PROBLEM TO SOLVE » Give again, exactly, every line of the entries below from the one that has "Sebuah survey dari" to the last.

Excerpts from a dataset
=== Section Start ===
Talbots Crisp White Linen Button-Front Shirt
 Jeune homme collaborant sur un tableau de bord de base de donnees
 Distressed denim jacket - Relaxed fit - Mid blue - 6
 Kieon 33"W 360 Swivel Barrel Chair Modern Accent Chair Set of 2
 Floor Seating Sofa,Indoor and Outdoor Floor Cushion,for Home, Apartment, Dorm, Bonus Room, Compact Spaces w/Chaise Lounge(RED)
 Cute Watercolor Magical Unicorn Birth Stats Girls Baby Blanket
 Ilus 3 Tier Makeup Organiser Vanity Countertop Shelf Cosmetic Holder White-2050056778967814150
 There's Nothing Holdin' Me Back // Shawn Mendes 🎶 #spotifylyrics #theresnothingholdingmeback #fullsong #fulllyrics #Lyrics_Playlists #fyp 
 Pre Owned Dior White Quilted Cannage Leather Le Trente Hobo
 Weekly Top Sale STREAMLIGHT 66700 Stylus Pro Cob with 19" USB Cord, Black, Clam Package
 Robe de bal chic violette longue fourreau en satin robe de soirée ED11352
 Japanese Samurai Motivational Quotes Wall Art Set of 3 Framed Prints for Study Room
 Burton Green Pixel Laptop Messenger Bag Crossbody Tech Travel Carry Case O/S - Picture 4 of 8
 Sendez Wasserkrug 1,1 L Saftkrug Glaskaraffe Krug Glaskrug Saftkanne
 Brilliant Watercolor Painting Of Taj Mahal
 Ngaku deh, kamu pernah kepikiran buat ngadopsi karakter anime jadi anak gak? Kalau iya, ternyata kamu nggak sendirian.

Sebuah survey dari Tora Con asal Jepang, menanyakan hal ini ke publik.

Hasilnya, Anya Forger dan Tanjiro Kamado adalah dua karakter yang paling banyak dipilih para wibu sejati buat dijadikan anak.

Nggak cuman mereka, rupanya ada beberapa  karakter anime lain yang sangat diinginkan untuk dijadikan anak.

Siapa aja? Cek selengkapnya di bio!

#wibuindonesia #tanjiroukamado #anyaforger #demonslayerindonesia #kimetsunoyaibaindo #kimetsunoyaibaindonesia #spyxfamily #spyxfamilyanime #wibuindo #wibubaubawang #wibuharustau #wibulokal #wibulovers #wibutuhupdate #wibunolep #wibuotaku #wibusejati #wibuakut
=== Section End ===
PROBLEM SOLUTION »
Sebuah survey dari Tora Con asal Jepang, menanyakan hal ini ke publik.

Hasilnya, Anya Forger dan Tanjiro Kamado adalah dua karakter yang paling banyak dipilih para wibu sejati buat dijadikan anak.

Nggak cuman mereka, rupanya ada beberapa  karakter anime lain yang sangat diinginkan untuk dijadikan anak.

Siapa aja? Cek selengkapnya di bio!

#wibuindonesia #tanjiroukamado #anyaforger #demonslayerindonesia #kimetsunoyaibaindo #kimetsunoyaibaindonesia #spyxfamily #spyxfamilyanime #wibuindo #wibubaubawang #wibuharustau #wibulokal #wibulovers #wibutuhupdate #wibunolep #wibuotaku #wibusejati #wibuakut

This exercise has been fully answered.